Luis-Fernando Valdés
Hemos llegado a la madurez de la historia humana. Al menos eso nos quieren dar a entender muchos intelectuales. Y esta plenitud se manifestaría en que el hombre ya no está limitado por nada. Ni por reglas morales, pues cada uno escoge las que guste. Ni por la verdad, porque cada quien decide qué es lo verdadero. Así la libertad humana no tendría límites: ni el bien ni la verdad podrán impedir que cada uno haga lo que quiera.

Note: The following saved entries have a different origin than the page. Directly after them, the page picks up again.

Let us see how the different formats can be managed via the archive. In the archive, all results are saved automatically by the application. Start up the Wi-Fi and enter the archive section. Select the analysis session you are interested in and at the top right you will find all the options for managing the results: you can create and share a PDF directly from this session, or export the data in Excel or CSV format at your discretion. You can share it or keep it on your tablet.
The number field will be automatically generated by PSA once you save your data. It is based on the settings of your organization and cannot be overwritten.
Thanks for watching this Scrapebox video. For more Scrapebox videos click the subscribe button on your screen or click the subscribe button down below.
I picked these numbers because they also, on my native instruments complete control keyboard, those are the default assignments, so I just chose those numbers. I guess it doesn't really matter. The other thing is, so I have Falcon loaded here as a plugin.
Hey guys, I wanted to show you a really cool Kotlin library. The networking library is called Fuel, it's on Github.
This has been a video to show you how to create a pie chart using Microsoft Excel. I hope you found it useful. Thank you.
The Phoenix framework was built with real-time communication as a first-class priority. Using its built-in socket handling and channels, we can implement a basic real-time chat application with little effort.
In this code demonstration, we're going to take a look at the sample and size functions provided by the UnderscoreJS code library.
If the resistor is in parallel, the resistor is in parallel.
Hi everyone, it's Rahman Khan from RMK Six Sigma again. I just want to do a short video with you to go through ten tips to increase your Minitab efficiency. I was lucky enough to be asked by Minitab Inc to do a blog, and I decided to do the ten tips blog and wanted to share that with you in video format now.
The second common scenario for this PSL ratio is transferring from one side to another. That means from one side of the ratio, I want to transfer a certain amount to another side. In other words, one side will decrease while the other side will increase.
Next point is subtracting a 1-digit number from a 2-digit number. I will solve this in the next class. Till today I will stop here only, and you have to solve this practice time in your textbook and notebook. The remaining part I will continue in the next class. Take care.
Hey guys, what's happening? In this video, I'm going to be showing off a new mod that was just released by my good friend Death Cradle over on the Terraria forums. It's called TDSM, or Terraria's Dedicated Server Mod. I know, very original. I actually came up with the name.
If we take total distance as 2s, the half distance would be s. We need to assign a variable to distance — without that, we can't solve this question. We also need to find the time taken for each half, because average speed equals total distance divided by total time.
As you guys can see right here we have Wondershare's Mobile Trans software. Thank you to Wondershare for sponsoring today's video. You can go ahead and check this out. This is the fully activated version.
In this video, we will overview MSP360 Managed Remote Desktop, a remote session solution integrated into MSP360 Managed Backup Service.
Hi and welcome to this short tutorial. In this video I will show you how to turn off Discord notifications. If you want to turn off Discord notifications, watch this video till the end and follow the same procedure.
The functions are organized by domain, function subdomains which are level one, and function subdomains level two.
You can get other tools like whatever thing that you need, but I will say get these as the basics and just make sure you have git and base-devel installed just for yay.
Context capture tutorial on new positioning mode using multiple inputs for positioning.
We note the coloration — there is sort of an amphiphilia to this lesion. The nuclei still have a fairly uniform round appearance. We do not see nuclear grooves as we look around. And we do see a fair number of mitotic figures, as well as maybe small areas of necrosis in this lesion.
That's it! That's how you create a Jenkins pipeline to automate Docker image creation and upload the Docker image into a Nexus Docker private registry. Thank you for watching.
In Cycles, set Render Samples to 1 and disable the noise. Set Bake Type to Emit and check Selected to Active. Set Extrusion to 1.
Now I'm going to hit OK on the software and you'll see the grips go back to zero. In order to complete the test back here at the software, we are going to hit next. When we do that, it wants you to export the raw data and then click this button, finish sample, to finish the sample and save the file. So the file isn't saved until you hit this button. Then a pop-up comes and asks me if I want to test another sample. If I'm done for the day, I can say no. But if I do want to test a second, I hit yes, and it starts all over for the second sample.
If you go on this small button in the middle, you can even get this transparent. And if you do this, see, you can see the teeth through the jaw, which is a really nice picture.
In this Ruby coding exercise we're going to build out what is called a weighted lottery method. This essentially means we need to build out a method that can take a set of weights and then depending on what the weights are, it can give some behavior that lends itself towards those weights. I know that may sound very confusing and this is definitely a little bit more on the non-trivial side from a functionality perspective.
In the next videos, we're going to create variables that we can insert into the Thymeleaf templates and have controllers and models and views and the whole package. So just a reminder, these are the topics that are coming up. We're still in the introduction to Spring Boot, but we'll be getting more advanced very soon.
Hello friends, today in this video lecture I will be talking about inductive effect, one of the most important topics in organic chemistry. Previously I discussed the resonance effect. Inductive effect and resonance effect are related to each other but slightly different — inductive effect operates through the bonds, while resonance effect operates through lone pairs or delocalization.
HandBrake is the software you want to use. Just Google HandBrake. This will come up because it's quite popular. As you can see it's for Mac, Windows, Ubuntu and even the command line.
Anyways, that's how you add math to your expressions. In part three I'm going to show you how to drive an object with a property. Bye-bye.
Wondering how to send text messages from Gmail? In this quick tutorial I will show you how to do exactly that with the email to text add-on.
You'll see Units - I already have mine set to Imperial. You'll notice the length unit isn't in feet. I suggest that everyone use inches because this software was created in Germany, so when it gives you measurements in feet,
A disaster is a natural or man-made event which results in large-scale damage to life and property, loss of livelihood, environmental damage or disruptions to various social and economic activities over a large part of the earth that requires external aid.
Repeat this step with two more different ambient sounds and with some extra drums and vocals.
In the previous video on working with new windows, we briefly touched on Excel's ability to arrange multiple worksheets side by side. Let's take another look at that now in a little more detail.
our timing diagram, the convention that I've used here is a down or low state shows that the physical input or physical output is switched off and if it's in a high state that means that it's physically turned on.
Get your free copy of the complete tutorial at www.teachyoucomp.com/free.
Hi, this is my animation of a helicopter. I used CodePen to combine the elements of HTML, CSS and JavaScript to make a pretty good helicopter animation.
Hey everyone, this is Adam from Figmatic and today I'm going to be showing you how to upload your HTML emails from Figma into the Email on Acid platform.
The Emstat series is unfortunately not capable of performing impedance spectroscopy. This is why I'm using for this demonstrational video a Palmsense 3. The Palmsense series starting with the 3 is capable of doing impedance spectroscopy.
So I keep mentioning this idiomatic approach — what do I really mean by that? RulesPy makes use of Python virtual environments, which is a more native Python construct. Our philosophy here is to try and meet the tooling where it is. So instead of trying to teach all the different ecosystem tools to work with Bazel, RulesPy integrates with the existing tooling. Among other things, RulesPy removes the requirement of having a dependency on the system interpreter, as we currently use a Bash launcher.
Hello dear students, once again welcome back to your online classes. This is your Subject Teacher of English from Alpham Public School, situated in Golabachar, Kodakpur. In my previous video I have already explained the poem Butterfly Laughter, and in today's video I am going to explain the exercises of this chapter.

Estamos como borrachos de libertad. Pero ¿esta libertad nos ha hecho más humanos? ¿Al vivir sin límites, somos más felices? ¿Sin reglas, somos más solidarios unos con otros?
Hay algo que no va bien.
Ya es parte de la mentalidad nuestra ser relativistas. Ya no aceptamos que alguien tenga la verdad, ni admitimos que alguien nos dicte criterios de comportamiento. Y, sin embargo, nuestra sociedad no es mejor, ni nuestras familias están bien, ni personalmente somos más felices. ¿Qué ha fallado?
Desde el siglo XVIII se nos ha insistido que creer en la verdad y aceptar reglas morales son límites a nuestra libertad. Bastantes pensadores nos dijeron que la verdad y la moral impedían el desarrollo personal y el progreso social. Y como nos urgía ser mejores y vivir muy bien, les hicimos caso.
Queríamos desarrollo personal, vivir sin traumas ni complejos. Y nos deshicimos de la ética, de las virtudes y de los reglas morales. Más todavía, armamos la guerra contra las instituciones que nos propusieran esos límites. Optamos por una educación totalmente laica, es decir, sin Dios, sin Iglesia, sin religión, sin tabúes, sin moralismos.
¿Qué obtuvimos a cambio? No conseguimos cónyuges fieles, ni hijos respetuosos, ni ciudadanos comprometidos, ni comerciantes justos, ni políticos honestos. Tampoco respetamos la vida humana, ni la que está por nacer ni la que está por terminar.
Deseábamos progreso social, y pagamos el precio de no tener límites, con la ilusión de salir de pobres. Y aceptamos que no existen reglas morales para la economía, y nos negamos a admitir que se pueda hablar de la verdad en política.
¿Qué obtuvimos a cambio? Vivimos sin límites: compramos mercancía robada, tenemos mercados de productos piratas, nos guiamos por el principio de que “el que no tranza no avanza”. Los alumnos copian los exámenes y las tareas. Para conseguir una victoria deportiva, nos podemos dopar. Ya decimos mentiras sin remordimientos, y tal vez no nos importa ya que nos engañen. Y llegamos a la conclusión de que la corrupción somos todos: “que no levante la mano, el que no quiera decir que nunca ha dado una mordida”. (Si usted alzó su mano, lo felicito).
Con esta liberación no nos hicimos más humanos, ni más ricos. Nos importa poco el sufrimiento de los otros. Nos quejamos de las guerras, pero no nos produce miedo ver homicidios en el cine. Al contrario, entre mayor sea el sadismo más disfrutamos. Ya superamos el tabú de la fidelidad: nos causan adicción las novelas que manejan triángulos amorosos: “si se aman, ¿qué tiene de malo?”. Además, sólo se enriquecieron unos cuantos, pero los demás no.
Hay algo que no va bien. Como se puede ver, para ser mejores personas y para conseguir el progreso social, la vía no es renunciar a la verdad ni eliminar la moral. Más bien, buscar la verdad y cultivar la virtud son un camino por explorar: probablemente por ahí consigamos vivir mejor y ser de verdad justos y solidarios.
Pero, ¿estamos dispuestos a pagar el precio? El costo de este cambio consiste en aceptar que es la verdad las que nos rige, y que no somos nosotros los que la construimos. ¿Qué prefiere usted: aceptar la verdad y nuestros límites, o seguir viviendo de la mentira y de la corrupción?